EXERCISE GOAL
One line at a time, check the entries below for the word "Casual", and copy each line that has it.

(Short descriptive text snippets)
[Start of Attachment]
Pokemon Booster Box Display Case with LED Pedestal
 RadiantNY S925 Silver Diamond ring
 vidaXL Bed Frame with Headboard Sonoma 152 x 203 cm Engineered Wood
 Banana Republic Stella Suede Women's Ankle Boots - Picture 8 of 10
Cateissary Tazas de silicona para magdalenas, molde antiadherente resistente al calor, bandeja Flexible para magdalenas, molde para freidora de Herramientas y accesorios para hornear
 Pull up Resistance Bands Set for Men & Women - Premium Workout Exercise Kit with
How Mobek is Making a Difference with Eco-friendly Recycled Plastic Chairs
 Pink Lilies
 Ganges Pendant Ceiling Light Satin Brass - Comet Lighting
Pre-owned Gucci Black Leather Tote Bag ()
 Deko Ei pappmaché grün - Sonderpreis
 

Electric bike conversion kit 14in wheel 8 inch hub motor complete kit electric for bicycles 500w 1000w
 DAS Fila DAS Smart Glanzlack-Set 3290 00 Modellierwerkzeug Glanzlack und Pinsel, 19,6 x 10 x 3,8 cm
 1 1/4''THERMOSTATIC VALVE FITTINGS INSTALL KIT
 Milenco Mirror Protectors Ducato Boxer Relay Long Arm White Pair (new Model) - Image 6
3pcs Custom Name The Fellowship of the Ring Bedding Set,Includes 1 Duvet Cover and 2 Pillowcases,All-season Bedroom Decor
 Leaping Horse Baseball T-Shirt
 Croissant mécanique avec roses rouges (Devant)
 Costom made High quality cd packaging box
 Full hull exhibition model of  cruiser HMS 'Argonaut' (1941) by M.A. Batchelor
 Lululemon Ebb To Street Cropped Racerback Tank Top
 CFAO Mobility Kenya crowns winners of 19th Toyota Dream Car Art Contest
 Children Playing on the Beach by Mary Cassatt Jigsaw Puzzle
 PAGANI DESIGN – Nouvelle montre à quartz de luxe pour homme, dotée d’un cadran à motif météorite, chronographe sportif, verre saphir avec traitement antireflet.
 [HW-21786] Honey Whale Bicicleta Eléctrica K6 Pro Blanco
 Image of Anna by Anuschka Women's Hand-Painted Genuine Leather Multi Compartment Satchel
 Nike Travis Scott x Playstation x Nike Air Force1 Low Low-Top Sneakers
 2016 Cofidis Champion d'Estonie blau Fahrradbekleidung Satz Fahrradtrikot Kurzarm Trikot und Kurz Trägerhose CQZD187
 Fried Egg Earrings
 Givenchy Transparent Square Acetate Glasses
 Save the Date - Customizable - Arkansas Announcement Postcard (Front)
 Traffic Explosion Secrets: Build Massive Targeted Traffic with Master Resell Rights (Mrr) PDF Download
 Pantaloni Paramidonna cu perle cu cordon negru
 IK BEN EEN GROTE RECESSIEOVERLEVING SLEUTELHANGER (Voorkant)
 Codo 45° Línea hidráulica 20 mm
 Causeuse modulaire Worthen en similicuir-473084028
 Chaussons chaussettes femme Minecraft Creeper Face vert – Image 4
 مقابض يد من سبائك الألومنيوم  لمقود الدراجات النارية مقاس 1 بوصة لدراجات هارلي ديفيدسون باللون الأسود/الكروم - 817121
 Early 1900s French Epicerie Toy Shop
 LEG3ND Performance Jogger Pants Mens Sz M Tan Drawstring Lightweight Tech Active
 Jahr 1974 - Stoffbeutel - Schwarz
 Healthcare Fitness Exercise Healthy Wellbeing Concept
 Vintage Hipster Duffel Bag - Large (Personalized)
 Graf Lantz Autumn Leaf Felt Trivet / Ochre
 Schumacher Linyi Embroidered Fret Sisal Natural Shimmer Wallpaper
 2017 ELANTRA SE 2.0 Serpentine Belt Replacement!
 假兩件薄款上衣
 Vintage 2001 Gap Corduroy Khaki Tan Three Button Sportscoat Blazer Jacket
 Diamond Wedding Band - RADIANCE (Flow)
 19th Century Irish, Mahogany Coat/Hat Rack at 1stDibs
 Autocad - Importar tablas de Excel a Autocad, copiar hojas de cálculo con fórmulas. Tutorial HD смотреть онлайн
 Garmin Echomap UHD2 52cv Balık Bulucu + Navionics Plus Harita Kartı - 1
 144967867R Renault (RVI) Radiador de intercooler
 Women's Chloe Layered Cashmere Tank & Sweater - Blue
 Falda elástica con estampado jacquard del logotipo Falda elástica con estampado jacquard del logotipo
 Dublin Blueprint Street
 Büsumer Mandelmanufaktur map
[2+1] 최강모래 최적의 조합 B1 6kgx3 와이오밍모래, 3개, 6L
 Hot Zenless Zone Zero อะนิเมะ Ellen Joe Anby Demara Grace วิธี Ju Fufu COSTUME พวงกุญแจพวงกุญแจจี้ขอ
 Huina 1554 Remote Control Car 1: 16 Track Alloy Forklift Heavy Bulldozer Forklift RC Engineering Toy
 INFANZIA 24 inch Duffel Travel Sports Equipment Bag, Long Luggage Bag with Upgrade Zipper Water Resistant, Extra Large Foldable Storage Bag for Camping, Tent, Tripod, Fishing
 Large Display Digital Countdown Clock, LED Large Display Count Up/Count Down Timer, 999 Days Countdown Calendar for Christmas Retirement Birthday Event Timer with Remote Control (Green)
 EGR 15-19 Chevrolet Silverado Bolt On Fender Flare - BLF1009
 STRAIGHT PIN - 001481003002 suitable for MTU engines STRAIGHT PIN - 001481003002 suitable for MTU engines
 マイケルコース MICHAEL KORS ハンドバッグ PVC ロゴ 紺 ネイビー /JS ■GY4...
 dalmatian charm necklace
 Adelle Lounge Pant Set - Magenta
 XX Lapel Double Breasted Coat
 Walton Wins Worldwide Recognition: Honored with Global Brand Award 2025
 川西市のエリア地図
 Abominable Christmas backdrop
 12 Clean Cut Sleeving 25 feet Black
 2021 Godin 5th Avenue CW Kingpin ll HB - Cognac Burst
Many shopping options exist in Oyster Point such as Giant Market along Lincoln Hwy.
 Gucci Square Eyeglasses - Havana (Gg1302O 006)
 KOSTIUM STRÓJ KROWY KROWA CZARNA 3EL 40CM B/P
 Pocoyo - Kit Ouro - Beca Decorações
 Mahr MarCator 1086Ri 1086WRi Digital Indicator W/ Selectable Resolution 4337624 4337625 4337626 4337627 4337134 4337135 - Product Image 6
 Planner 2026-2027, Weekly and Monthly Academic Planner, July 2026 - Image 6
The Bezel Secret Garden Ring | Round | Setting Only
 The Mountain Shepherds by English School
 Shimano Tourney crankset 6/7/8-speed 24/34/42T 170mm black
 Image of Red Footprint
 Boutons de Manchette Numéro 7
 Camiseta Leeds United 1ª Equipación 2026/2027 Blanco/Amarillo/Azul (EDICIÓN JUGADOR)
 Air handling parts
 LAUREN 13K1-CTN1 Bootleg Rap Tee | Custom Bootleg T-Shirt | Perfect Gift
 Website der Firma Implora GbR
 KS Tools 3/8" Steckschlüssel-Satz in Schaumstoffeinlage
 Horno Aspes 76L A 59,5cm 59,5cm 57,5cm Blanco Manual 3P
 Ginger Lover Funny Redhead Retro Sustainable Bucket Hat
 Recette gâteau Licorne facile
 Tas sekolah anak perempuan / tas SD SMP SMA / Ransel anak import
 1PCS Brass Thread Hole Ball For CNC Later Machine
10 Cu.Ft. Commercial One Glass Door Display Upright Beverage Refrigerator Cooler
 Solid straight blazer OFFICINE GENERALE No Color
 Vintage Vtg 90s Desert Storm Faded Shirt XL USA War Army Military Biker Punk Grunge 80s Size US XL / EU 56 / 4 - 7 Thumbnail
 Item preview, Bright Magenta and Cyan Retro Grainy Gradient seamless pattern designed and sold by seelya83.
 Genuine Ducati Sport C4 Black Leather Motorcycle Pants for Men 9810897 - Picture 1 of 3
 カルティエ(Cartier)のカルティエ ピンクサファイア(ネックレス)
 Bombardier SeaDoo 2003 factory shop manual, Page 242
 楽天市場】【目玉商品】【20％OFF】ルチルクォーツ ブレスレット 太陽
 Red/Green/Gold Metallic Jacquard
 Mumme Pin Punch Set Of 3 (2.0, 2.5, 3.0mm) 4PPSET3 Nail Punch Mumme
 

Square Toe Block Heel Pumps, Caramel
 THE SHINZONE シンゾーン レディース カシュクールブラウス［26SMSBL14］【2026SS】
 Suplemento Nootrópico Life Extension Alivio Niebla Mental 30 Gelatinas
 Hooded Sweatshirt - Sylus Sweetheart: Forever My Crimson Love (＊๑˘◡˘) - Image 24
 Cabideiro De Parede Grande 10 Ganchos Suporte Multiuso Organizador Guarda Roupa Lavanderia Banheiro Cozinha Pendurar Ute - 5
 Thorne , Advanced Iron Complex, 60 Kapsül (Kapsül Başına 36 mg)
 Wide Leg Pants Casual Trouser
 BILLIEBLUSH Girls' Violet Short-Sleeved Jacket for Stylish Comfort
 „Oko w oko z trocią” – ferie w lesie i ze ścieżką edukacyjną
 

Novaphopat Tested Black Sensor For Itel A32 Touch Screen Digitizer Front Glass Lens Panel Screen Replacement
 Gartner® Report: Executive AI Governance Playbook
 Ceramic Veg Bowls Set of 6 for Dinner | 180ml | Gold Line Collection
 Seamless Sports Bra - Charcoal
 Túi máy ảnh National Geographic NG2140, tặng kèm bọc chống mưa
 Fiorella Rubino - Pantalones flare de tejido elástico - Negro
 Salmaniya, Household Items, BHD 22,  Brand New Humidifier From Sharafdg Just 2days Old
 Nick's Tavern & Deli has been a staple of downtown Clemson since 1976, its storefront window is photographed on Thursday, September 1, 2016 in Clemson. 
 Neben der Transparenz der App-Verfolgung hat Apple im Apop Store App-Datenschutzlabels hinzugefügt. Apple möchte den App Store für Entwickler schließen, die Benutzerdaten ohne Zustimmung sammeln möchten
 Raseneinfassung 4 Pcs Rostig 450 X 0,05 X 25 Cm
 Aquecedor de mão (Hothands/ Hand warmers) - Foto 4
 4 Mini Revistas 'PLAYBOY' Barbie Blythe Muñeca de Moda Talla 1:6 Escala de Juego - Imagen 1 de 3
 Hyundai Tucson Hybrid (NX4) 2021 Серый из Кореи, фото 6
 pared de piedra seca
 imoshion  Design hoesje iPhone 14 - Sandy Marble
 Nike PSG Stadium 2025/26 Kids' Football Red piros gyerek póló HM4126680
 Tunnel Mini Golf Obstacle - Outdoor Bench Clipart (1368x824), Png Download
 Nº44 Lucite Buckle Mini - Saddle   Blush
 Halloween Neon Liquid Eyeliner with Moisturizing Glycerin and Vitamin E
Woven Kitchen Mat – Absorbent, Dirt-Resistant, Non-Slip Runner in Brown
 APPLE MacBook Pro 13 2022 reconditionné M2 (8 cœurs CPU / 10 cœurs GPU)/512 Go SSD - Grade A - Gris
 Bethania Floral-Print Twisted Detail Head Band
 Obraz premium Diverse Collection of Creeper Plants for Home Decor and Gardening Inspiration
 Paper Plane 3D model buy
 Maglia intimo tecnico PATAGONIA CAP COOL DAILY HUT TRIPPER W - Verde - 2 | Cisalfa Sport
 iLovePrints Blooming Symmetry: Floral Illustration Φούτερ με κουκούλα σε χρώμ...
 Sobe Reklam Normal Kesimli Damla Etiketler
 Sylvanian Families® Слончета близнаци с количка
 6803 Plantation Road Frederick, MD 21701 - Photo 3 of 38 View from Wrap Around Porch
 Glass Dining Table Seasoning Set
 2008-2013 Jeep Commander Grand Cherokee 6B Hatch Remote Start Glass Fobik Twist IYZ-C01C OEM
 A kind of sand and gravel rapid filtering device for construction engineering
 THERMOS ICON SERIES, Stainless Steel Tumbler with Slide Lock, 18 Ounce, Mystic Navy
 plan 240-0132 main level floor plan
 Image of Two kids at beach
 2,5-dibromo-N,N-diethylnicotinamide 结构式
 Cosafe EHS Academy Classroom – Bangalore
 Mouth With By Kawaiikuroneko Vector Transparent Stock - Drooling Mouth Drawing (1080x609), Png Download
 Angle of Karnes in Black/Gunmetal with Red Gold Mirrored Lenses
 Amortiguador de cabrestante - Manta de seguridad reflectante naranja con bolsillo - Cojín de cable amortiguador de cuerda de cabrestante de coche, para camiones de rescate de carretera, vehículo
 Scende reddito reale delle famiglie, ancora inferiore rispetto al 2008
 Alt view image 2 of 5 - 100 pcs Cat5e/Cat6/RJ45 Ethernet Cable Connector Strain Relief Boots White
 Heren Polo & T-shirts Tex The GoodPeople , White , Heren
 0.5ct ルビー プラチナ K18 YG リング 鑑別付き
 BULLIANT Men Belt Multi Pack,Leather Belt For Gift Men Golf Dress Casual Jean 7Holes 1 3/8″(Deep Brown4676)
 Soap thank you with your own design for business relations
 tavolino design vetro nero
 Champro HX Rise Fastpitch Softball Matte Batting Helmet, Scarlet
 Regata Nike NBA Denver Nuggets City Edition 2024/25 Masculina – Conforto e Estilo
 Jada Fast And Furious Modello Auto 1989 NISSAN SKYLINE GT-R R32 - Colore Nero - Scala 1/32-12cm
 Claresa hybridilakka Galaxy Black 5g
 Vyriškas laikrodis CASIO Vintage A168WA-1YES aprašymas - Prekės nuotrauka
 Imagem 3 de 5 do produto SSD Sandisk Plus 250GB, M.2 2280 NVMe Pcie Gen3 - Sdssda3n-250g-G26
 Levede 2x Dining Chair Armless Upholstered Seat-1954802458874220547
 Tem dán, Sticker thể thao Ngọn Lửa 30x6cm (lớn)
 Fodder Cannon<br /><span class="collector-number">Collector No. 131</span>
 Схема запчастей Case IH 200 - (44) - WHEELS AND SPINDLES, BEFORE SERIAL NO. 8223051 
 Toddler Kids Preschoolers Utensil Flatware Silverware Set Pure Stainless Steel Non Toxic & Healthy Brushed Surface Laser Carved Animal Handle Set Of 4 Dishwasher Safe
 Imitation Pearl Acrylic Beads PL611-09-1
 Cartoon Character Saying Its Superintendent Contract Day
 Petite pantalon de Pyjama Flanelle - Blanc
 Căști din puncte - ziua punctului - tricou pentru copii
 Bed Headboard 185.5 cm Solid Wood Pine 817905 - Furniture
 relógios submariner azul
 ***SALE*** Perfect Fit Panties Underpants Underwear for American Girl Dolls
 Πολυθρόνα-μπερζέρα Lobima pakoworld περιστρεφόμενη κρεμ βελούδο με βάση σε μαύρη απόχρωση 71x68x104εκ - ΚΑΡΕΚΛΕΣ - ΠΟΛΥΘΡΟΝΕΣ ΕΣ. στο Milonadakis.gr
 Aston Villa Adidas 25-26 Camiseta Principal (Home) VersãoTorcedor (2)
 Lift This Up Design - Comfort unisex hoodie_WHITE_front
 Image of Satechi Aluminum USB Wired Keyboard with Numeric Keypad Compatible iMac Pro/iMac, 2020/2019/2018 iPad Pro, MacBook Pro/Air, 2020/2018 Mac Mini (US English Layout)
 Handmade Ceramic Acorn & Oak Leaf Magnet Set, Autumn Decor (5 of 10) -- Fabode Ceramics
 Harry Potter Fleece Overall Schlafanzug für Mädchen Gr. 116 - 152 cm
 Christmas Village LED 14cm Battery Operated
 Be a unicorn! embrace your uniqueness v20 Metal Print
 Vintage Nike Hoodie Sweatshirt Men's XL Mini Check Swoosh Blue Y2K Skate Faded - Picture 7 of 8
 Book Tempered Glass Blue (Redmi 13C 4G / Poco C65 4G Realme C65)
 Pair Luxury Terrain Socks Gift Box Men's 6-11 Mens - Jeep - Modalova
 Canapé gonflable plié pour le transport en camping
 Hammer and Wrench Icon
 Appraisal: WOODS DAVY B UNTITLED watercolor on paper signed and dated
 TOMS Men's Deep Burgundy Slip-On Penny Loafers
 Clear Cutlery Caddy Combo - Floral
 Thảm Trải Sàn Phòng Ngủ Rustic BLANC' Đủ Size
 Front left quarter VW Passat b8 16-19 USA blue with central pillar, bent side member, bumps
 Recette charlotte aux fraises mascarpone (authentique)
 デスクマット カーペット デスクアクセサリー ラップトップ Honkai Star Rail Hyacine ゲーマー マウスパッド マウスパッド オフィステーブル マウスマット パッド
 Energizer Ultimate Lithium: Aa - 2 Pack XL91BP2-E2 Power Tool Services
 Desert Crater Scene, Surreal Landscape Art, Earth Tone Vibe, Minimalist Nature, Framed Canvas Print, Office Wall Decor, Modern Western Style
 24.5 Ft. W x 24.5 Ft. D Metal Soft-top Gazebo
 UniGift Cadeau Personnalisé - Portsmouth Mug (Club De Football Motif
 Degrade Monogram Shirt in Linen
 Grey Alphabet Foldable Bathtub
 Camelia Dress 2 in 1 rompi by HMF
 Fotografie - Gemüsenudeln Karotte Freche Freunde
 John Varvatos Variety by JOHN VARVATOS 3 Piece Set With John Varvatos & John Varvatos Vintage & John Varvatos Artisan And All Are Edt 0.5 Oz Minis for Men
[End of Attachment]
TASK OUTPUT
 Wide Leg Pants Casual Trouser
 BULLIANT Men Belt Multi Pack,Leather Belt For Gift Men Golf Dress Casual Jean 7Holes 1 3/8″(Deep Brown4676)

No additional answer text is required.